The objective of this study is to develop an AI model for classifying maxillofacial morphology in children using lateral cephalometric analysis and to evaluate its classification performance.
A part of this study was previously presented as a poster at the 84th Annual Meeting of the Japanese Orthodontic Society in 2025 [9].

2. Materials and Methods

2.1. Data Collection

This cross-sectional study included 300 children aged 6 to 10 years (134 boys: 8 years 6 months ± 12 months; 166 girls: 8 years 6 months ± 10 months) who were examined at the Orthodontic Department of Iwate Medical University Uchimaru Medical Center between January 2011 and July 2023. All subjects had complete initial examination records. All participants were in Hellmann’s developmental stage (tooth age) IIIA to IIIB. Patients who had previously undergone orthodontic treatment or who had conditions that could affect maxillofacial morphology during growth, such as cleft lip and palate, or chromosomal abnormalities, were excluded.
This study was approved by the Ethics Committee of Iwate Medical University (Approval Number: 01373).

2.2. Training Data Preparation

Lateral cephalograms obtained at the initial examination were analyzed using WinCeph software (Version 11; Rise Corporation, Sendai, Japan). From the 127 analysis items generated, two horizontal parameters (ANB angle and overjet) and seven vertical parameters (mandibular plane to FH, mandibular plane to SN, ramus plane to FH, ramus plane to SN, gonial angle, overbite, and N-Me/Cd-Go) [10,11] were selected as input features for maxillofacial morphology classification (Figure 1). The ANB angle, selected as a horizontal parameter, is the most widely used indicator and is employed in the general Class I, Class II, and Class III classifications.
In vertical classification, the Mandibular plane to FH, Mandibular Plane to SN, Ramus Plane to FH, and Ramus Plane to SN accurately represent the position of the mandible. Together with the Gonial Angle, these are crucial for evaluating mandibular morphology and rotation direction.
Furthermore, N-Me/Cd-Go represents the ratio of anterior facial height to posterior facial height, serving as an auxiliary parameter for vertical classification.
Alongside these items, overjet and overbite, reflecting the occlusal state, were entered as input features.
Calibration was performed using lateral cephalograms with a metal ruler inserted. Scale correction was applied based on the known distance between two points on the ruler, and calibration was implemented in WinCeph. This converted all linear measurements on the cephalometric images to actual physical distances.
Three orthodontists (two instructing physicians and one certified physician, all members of the Japanese Orthodontic Society) classified each patient’s maxillofacial morphology horizontally into skeletal Class I, Class II, or Class III and vertically into short frame, medium frame, or long frame.
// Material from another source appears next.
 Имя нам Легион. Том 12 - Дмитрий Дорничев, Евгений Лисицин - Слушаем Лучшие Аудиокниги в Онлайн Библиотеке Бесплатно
Combining the three horizontal and three vertical classifications yielded nine morphological patterns (skeletal Class I short frame, skeletal Class II short frame, skeletal Class III short frame, skeletal Class I medium frame, skeletal Class II medium frame, skeletal Class III medium frame, skeletal Class I long frame, skeletal Class II long frame, and skeletal Class III long frame).
The orthodontists classified each patient independently. If two orthodontists agreed on one category and the third differed, a majority decision was applied. If all three selected different categories, the case was discussed until a consensus was reached. These consensus-based classifications were then used as the gold standard classification. Model training and evaluation were performed using 10-fold cross-validation. The 300 patients were randomly divided into 10 subsets. At each iteration, nine subsets were used for model training, and one subset was used for evaluation. The average performance across all iterations was calculated as the final evaluation metric.

2.3. AI Model Development

For the Sassouni classification, the Python scikit-learn (sklearn) package (version 1.6.1) was used. Data preprocessing and numerical computations were performed using pandas (version 2.2.2) and numpy (version 2.0.2).
Three machine learning (ML) models were trained and evaluated:
(1)
Random forest classifier (RF);
(2)
Logistic regression (LR);
(3)
Support vector classification (SVC).
Each model was trained and evaluated using 10-fold cross-validation. Results from each iteration were averaged to assess overall performance. Model classification outputs were then compared with the orthodontists’ classifications (Figure 2).

2.4. Analysis of Input Features Importance

The feature importance function in the scikit-learn package was applied to identify which input features most strongly influenced the output of the Sassouni classification model.

3. Results

3.1. Orthodontist Classification Results

The classification agreement between Observer 1 and Observer 2 was 0.589 according to Cohen’s κ, between Observer 2 and Observer 3 it was 0.603, and between Observer 1 and Observer 3 it was 0.871.
Fleiss’s κ, indicating overall agreement, was 0.684. All these values indicated agreement within an acceptable range.
First, we present the individual classification results by three orthodontists (Observers 1–3, Figure 3).
The distribution of case numbers in the final integrated classification is as follows. Final training data: 4 skeletal Class II short frames, 9 skeletal Class I short frames, 4 skeletal Class III short frames, 86 skeletal Class II medium frames, 130 skeletal Class I medium frames, 31 skeletal Class III medium frames, 12 skeletal Class II long frames, 19 skeletal Class I long frames, 5 skeletal Class III long frames (Figure 4).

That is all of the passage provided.